Stick around and enjoy the great site that the members make it.


----------



## AZthunderations (Aug 21, 2008)

I appreciate that suggestion and was silently hoping for an offer to stay. The site seems to be very informative and most of the different brands of trailers have one thing in common..........campers. I won't be of much help on Outback only problems, but again, a lot of trailer problems are similar.
OK, if we get the Rockwood on Friday, we will be official SOB's. If not, we may still be in the game. Either way, I'll keep in touch with Outbackers.com Thanks again.









folsom_five said:


> We have located a trailer in Las Vegas and will check it out on Friday, Sept. 12th. It does have a problem that can not be easily corrected. It's not an Outback. We looked at Outbacks and made offers and looked some more all over the country. Either the Outback was damaged in some way or the price was within a few thousand of a new unit. Nothing made sense. Then we fell into a great deal on a 2005 Forest River, Rockwood Ultra Light, 25 footer. It's another brand we were looking at and has the same bunk/bike storage as the 21RS, only in the back, and a fixed Queen bed in the front. Dry weight is 3250, all alum framed and fiberglass sides. I think it will suit us just fine. It's a big step up from our Coleman pop-up.
> So, I guess this is good-bye.
> I've enjoyed your company and all the information that you gave me. I hope a few of my posts might have been of use to some of you.
> I'm sure we will meet at some campground, somewhere, sometime and perhaps share a libation and a story.
> Happy camping and happy living, Ken


Ken,
Although you may be buying a SOB (Some Other Brand), it doesn't mean "good-by". You are more than welcome to stick around and ask/answer any questions. There are plenty of others here that either never had owned or no longer own an Outback TT. 
Stick around and enjoy the great site that the members make it.
[/quote]


----------



## skippershe (May 22, 2006)

AZthunderations said:


> I appreciate that suggestion and was silently hoping for an offer to stay. The site seems to be very informative and most of the different brands of trailers have one thing in common..........campers. I won't be of much help on Outback only problems, but again, a lot of trailer problems are similar.
> OK, if we get the Rockwood on Friday, we will be official SOB's. If not, we may still be in the game. Either way, I'll keep in touch with Outbackers.com Thanks again.


Hi Ken,

You are most welcome here, as you are now a part of the family!
Once an Outbacker, always an Outbacker no matter what kind of camper you decide to go with...
Looking forward to reading many more of your posts and adventures in the future


----------



## Oregon_Camper (Sep 13, 2004)

Congrats on the new trailer!!

Glad you're sticking around.


----------



## Scoutr2 (Aug 21, 2006)

WELCOME to Outbackers. Glad to have you in the community!
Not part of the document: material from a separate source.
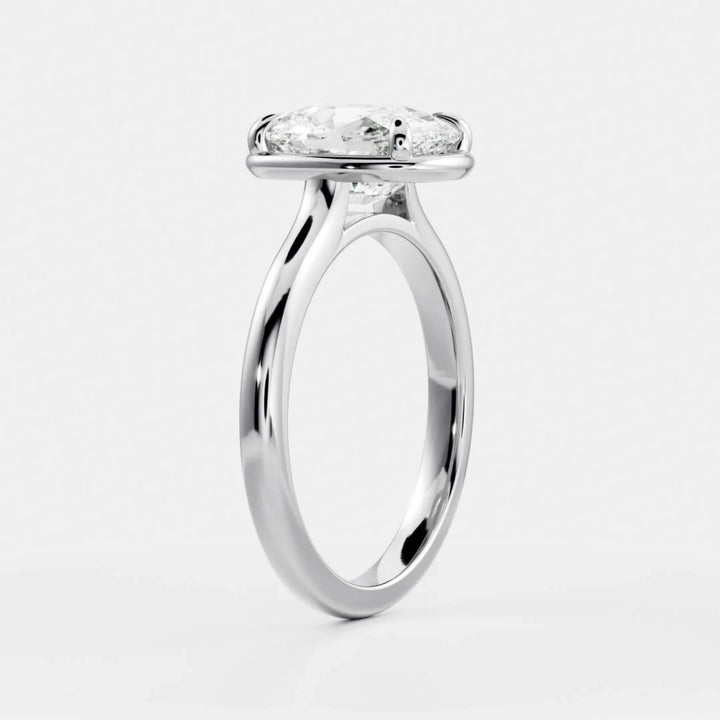 1.50CT Bezel Set Elongated Cushion Cut Lab Grown Diamond Solitaire Engagement Ring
You might want to check prices with Pontiac RV, in Pontiac, IL. It is right on I-55 and shouldn't be out of your way on a trip to Indiana.

We got a great deal from them. We, too, moved from a Coleman pop-up (two in 9 years) to our Outback. No more trips to the toitty in the middle of the night! And no more wet beds when setting up or tearing down in the rain. (But fuel economy was better with the Coleman. Oh well - everything has a price!)

Mike


----------



## LA Plouff (Mar 15, 2008)

AZthunderations said:


> We just found this site and are looking to buy a 23KRS. We currently camp in a Coleman pop-up and want to upgrade. I'm Ken and my wife is Arlene and the fuzzy guy is Stanley, our Jack Russell terror, I mean terrior. We tow with a 2001 Ford F-150 SuperCrew with a 5.4 equipped with the factory tow package. Any Outback owners in the Phoenix area that would like to contact us, please do. Does anyone know if the Outback factory sells direct? We travel to northern Indiana to visit relatives and would consider picking up an Outback there if the price was right.. Thanks, Ken


Ken
Well I can tell you for sure, once I made the decision to purchase an O/B, I spent a lot of time on the internet. About 5 hours per night for about 3 months. I can tell you about the crooks and hooks when you check online and they tell you they have to talk to you for a price. I still get calls a year after I purchased my O/B Kargaroo 28KRS. I have a 5.3 (327) Yukon XL with a tow package and it pulls fine. My wife and I do dog shows yearly and are on the road quite a lot. The Karagroo has a front cargo ara tha also doubles a a murphy bed area also. We have no problems at the shows with our dogs (28) being kept in the cargo area at night in crates. Not all of the 28 dogs are showdogs, we also take our pets, and our rescues. We love our dogs so dont think otherwise. And what do we do when we are not going to show? We go the the RV and state parks with the dogs. They all love it.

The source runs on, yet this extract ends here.